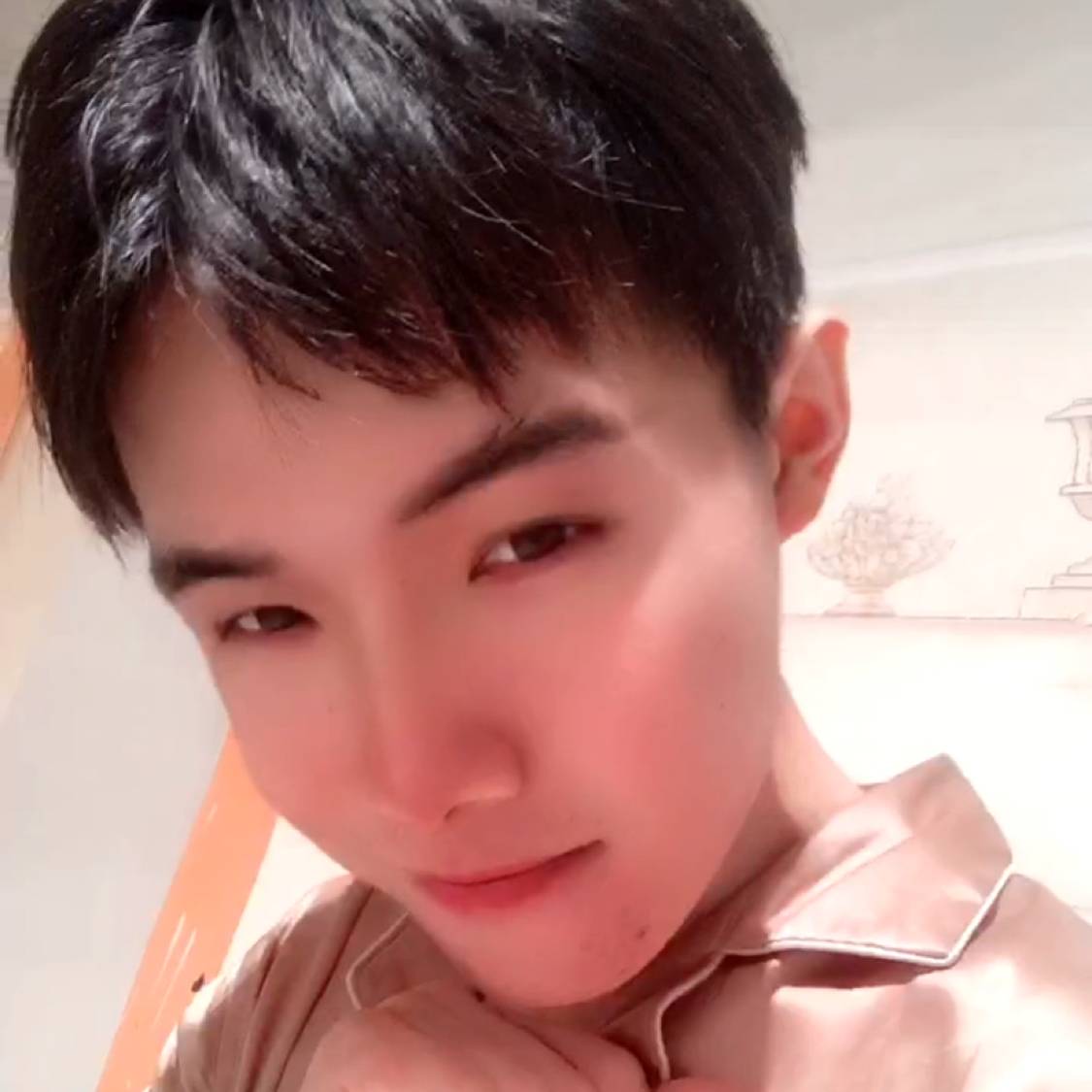 高挑扯霓裳的照片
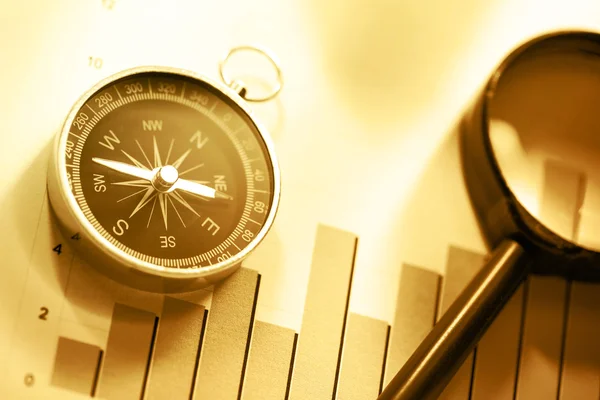 Pojęcie wykres z kompasem i obiektyw — Stockfoto
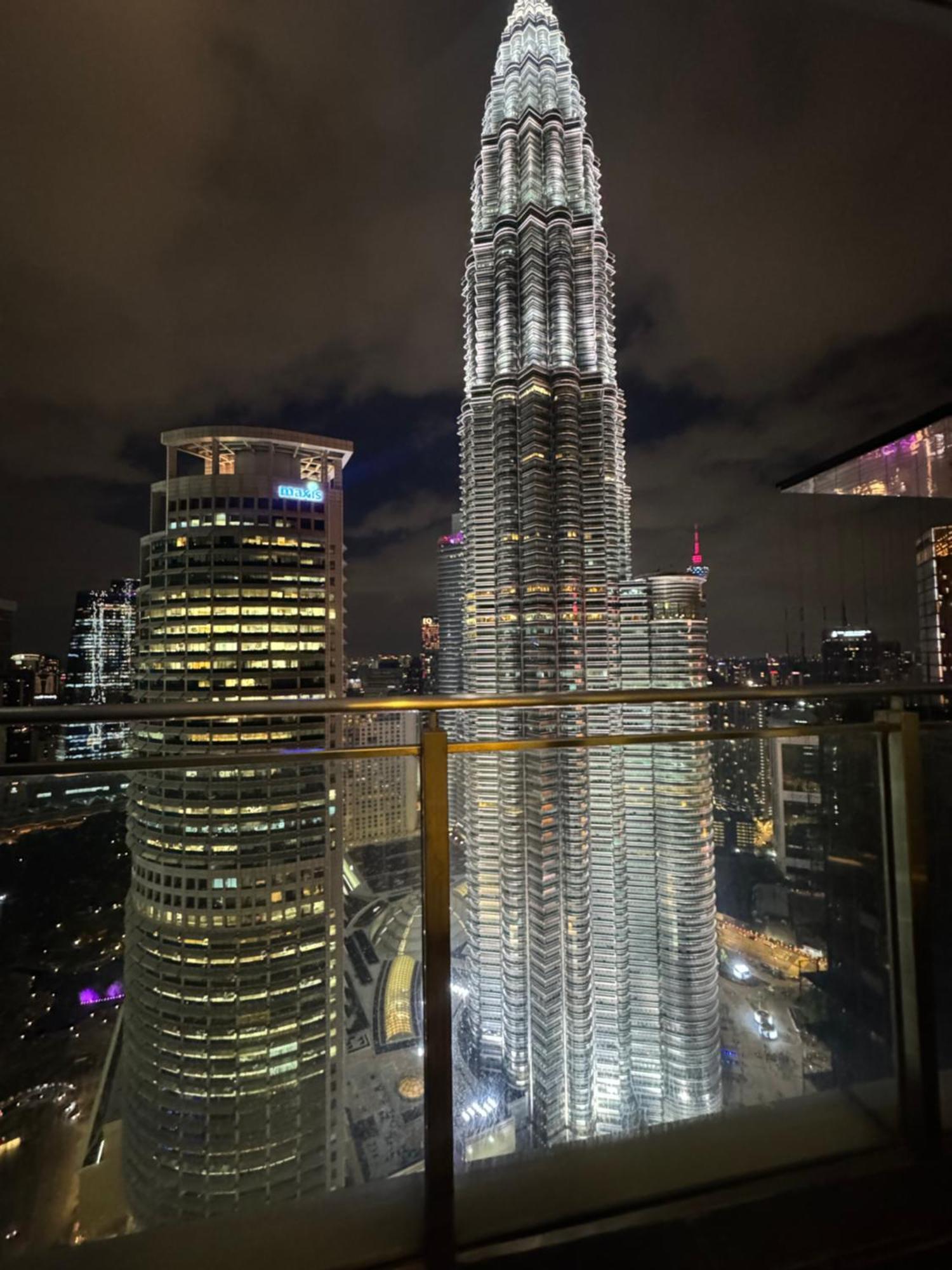 Luxury House Klcc View Romantic Candle Light Linked To Klcc Mall Pangsapuri
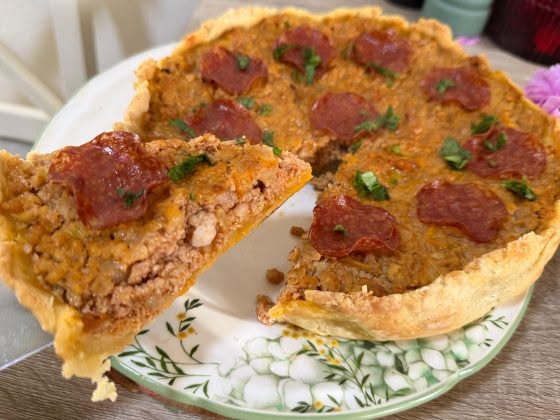Placinta cu carne tocata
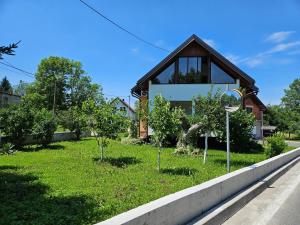 a house on the side of a road at Apartment Majetić in Gornji Vaganac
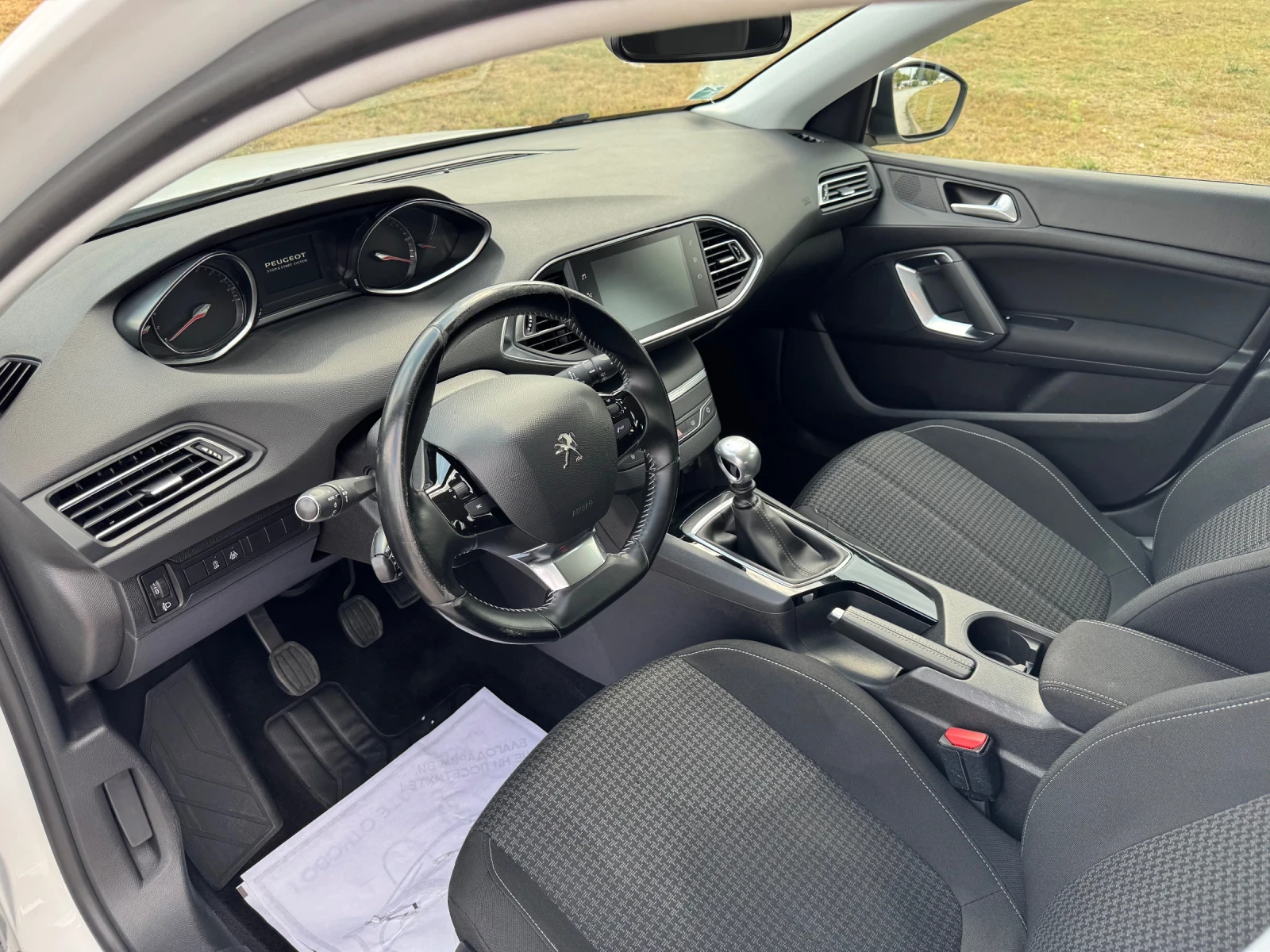 Peugeot 308 1.5 HDI Allure Top, снимка 15 - Автомобили и джипове - 55931896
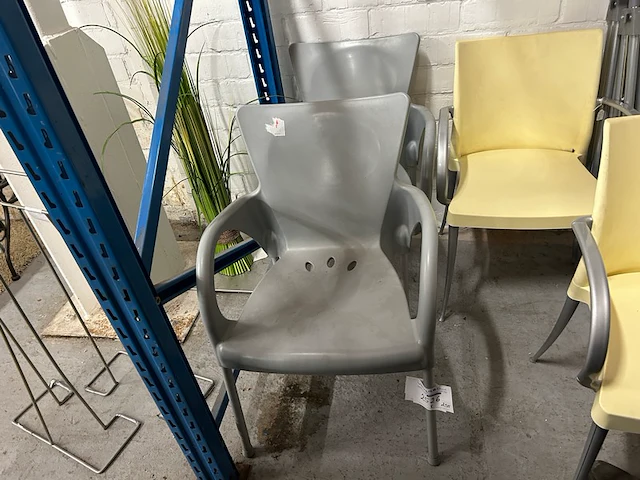 2 stoelen - afbeelding 1 van  4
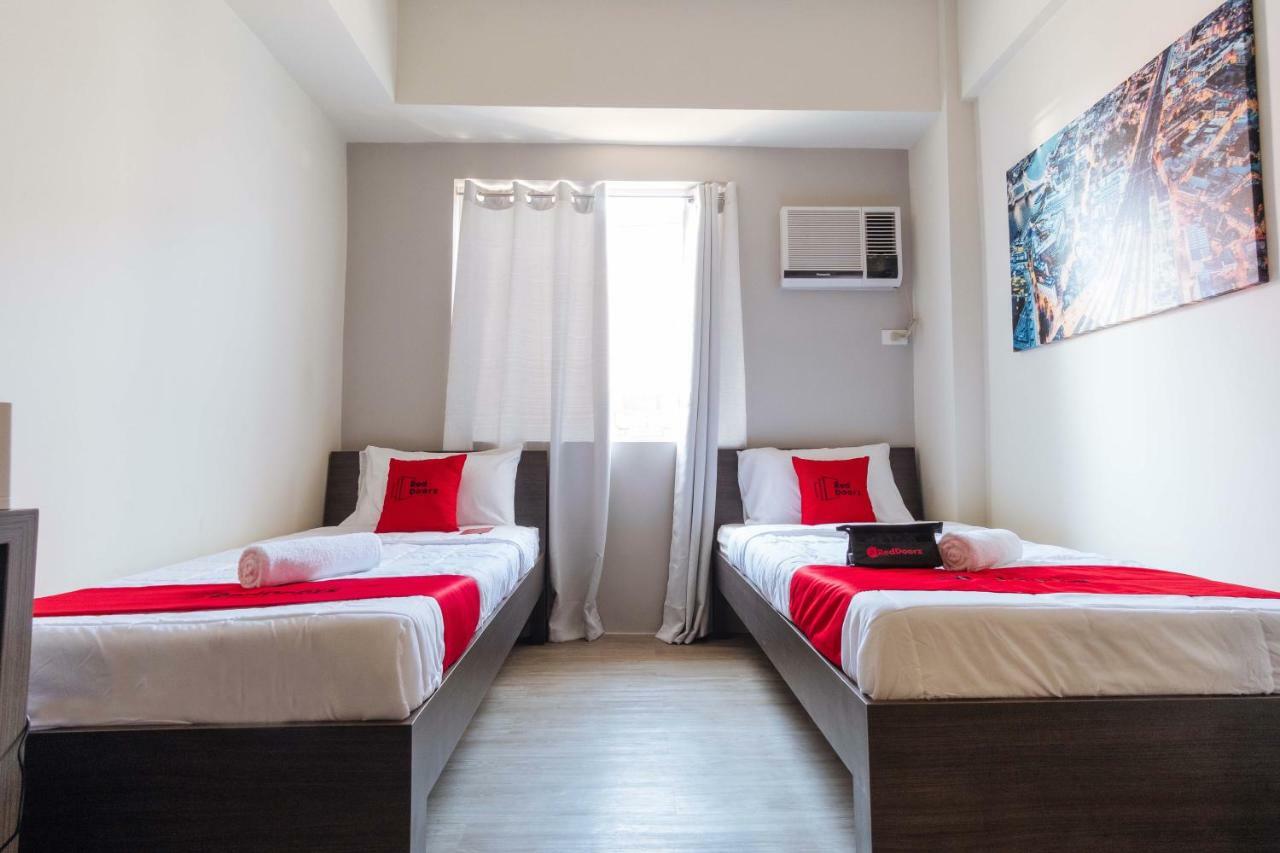 Reddoorz Premium @ Vista Heights Legarda Hotel 4*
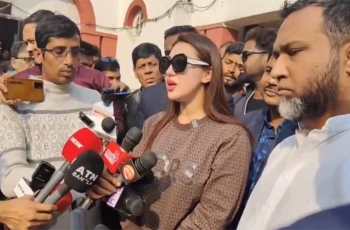 ডিবি কার্যালয় থেকে বেরিয়ে অপু 'ভুল মানুষের-ই হয়'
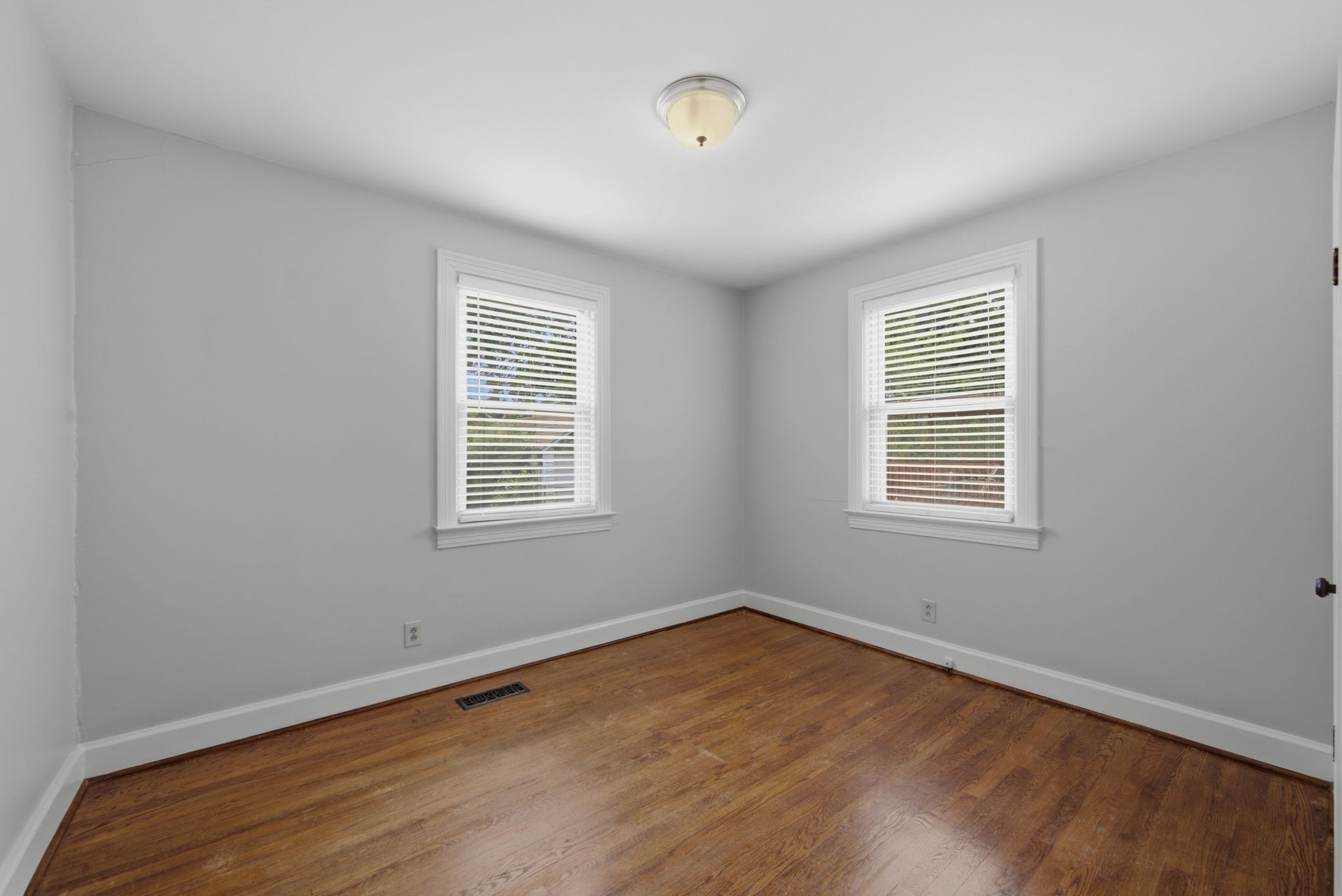 245 Thuss Ave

***

### Work item:
Each line from the line containing "2 stoelen - afbeelding" through the final line of the data above must be retyped exactly; nothing else, and no pictures, may appear.

### The answer:
 2 stoelen - afbeelding 1 van  4
 Reddoorz Premium @ Vista Heights Legarda Hotel 4*
 ডিবি কার্যালয় থেকে বেরিয়ে অপু 'ভুল মানুষের-ই হয়'
 245 Thuss Ave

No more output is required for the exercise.